If we taught writing the way we try to teach programming …

Imagine if we tried to teach writing (in English or any other natural language) the way we try to teach programming.

We’d give students dictionaries and grammar books. We’d lecture them on the abstract structure of stories. We’d give them dreadful stuff to read – only things written by the most junior writers, like advanced underclassmen or young grad students (some of whom can indeed write well, but most of whom are dreadful). We’d keep the great literature secret. Shakespeare would be locked up in a corporate vault somewhere. Dickens would be classified Secret by the government. Twain would have been burned by his literary executor to prevent it competing with his own efforts.

And when people take jobs as writers (here the analogy begins to break down) their primary assignments for the first five to fifteen years of their working lives will be copy editing large works that they won’t have time to read end-to-end, for which there is no table of contents or index, and which they receive in a large pile of out-of-order, unnumbered pages, half of which are torn, crumpled, smudged, or otherwise damaged.

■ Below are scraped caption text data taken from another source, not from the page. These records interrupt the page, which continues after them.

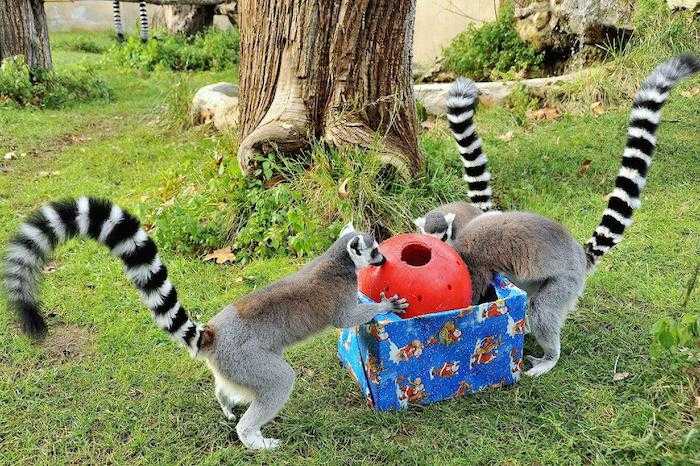 MDG_8810 NATALE con i lemuri catta alb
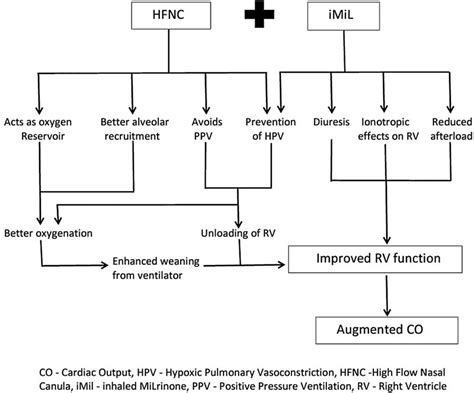 The complementary action of inhaled milrinone (iMil) via high-frequency ...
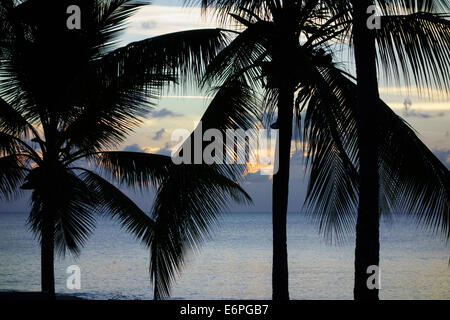 Kokospalmen, Cocos Nucifera, Silhouette gegen das Karibische Meer in der Abenddämmerung. Stockfoto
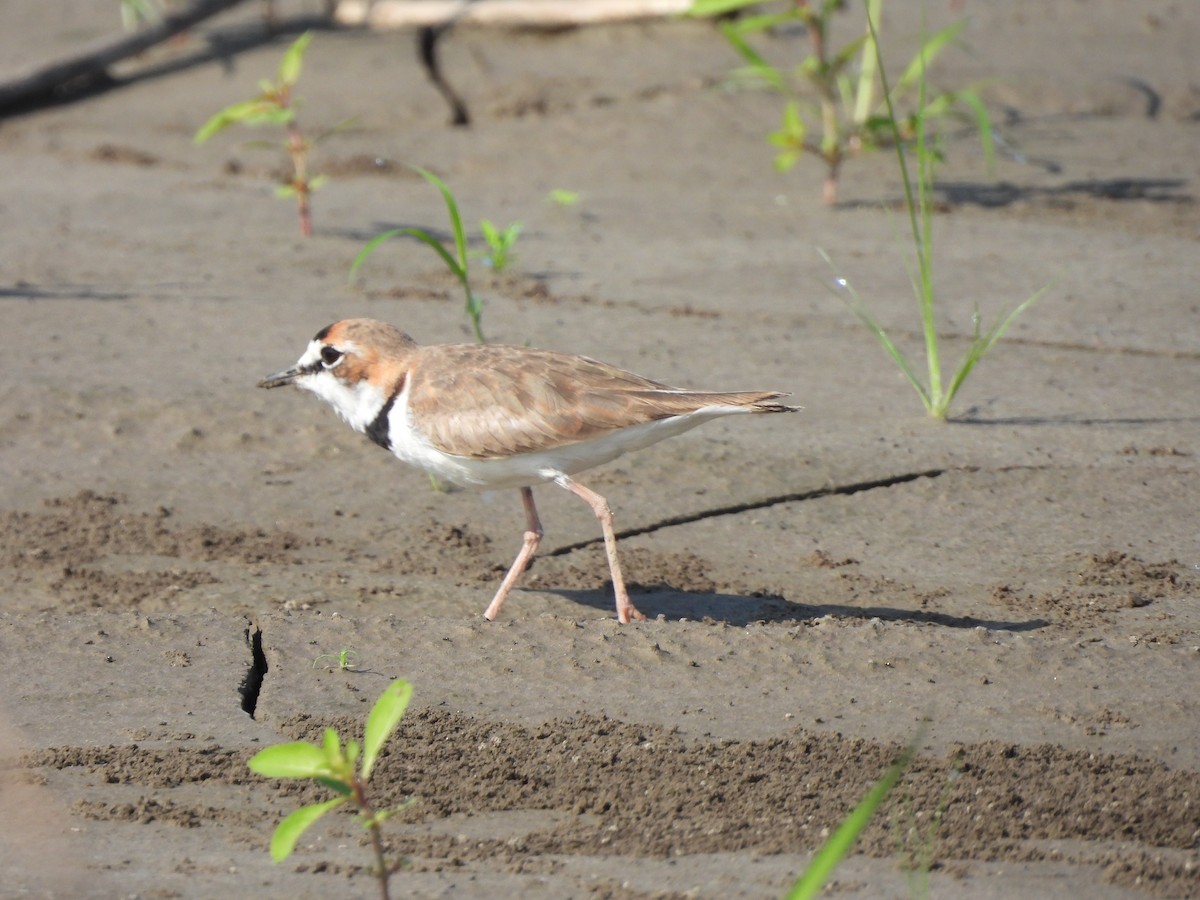 Collared Plover - ML644216390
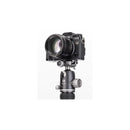 Benro VX30 Two Series ArcaType Ball Head - Aluminum
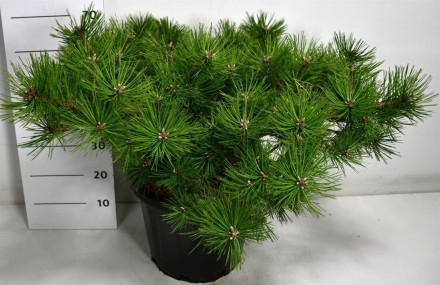 Pinus d. 'Jane Kluis'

Is it any wonder that good programmers are so rare in the wild?

The thinking behind that statement developed back in the 1980s when I was a grad student at CMU. A group of grad students, me among them, met monthly to read code and drink wine. We all agreed that an important ingredient in learning to be a good programmer was reading good and bad code.

Unfortunately, in those days there was precious little code to read. Interestingly, all of the best software research and education institutions of the time were organized around repositories of software that all of the members contributed to and partook of. I include in this category organizations that I knew, or knew of, well enough to make this claim. They included MIT’s AI Lab, Stanford’s AI Lab, CERN, CMU’s Computer Science Department, IBM’s Research Lab, Princeton, Yale, and Berkeley. (There were certainly others, but I didn’t know people there or what sort of source code sharing went on there.) On reflection it’s interesting to realize that this is similar to how some of the earliest universities, Oxford and Cambridge in the UK, came about – a bunch of scholars pooling their most critical and precious resource, their books.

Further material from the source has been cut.